-- Exercise directions --
All lines below starting at the one that holds "Number 6 in" and ending at the one that holds "The best part" should be printed exactly, ends included. Pictures should not be printed, nor anything else.

-- Source material --
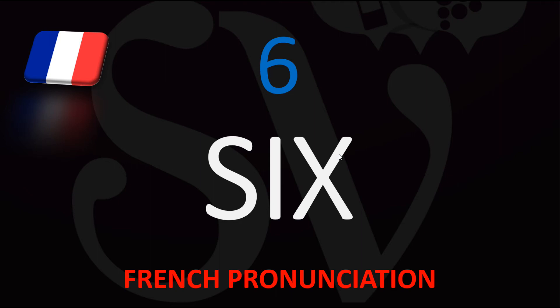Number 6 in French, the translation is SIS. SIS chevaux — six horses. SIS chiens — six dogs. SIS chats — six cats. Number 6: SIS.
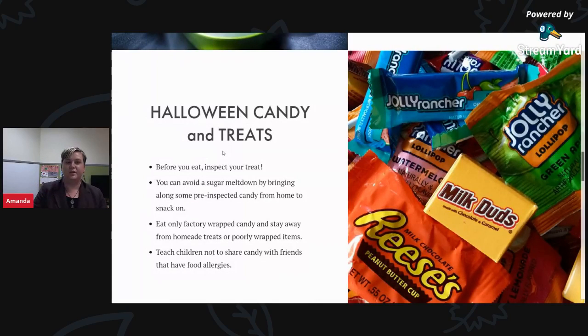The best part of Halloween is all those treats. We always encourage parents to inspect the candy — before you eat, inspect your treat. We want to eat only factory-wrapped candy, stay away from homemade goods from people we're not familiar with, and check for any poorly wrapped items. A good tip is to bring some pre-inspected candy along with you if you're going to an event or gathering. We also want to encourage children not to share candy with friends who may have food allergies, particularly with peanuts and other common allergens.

...

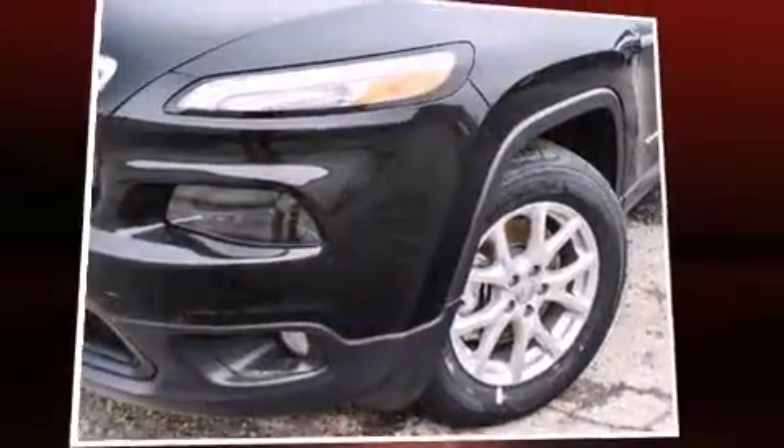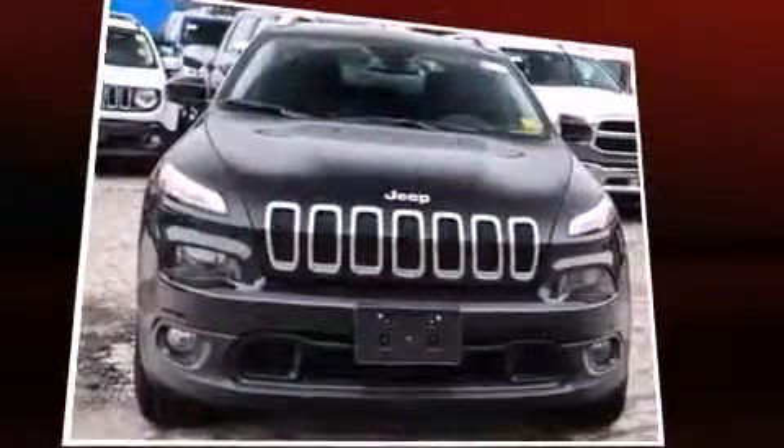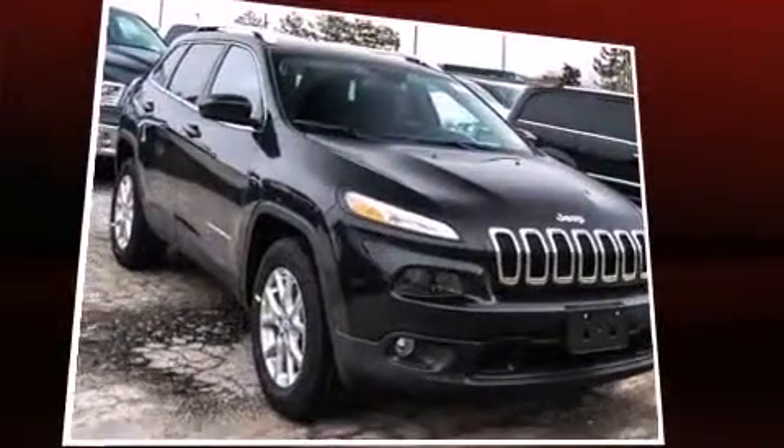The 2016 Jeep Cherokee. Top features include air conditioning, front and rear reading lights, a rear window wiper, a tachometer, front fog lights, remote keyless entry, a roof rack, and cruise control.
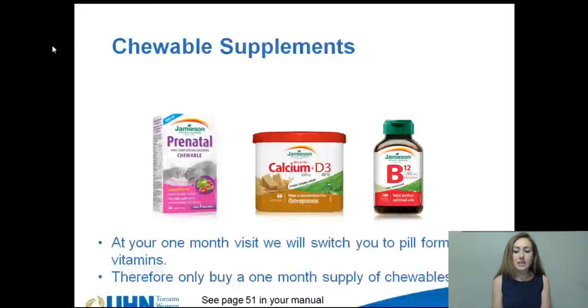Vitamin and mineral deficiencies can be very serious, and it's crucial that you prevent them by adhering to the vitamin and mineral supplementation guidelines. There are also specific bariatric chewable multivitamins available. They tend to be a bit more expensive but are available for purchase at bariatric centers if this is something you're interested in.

...

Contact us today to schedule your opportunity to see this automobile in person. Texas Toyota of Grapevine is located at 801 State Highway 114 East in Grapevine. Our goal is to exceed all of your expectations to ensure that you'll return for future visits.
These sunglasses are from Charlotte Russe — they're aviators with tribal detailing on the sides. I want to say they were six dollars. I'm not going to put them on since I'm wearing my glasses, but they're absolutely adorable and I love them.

-- Solution for this problem --
Number 6 in French, the translation is SIS. SIS chevaux — six horses. SIS chiens — six dogs. SIS chats — six cats. Number 6: SIS.
The best part of Halloween is all those treats. We always encourage parents to inspect the candy — before you eat, inspect your treat. We want to eat only factory-wrapped candy, stay away from homemade goods from people we're not familiar with, and check for any poorly wrapped items. A good tip is to bring some pre-inspected candy along with you if you're going to an event or gathering. We also want to encourage children not to share candy with friends who may have food allergies, particularly with peanuts and other common allergens.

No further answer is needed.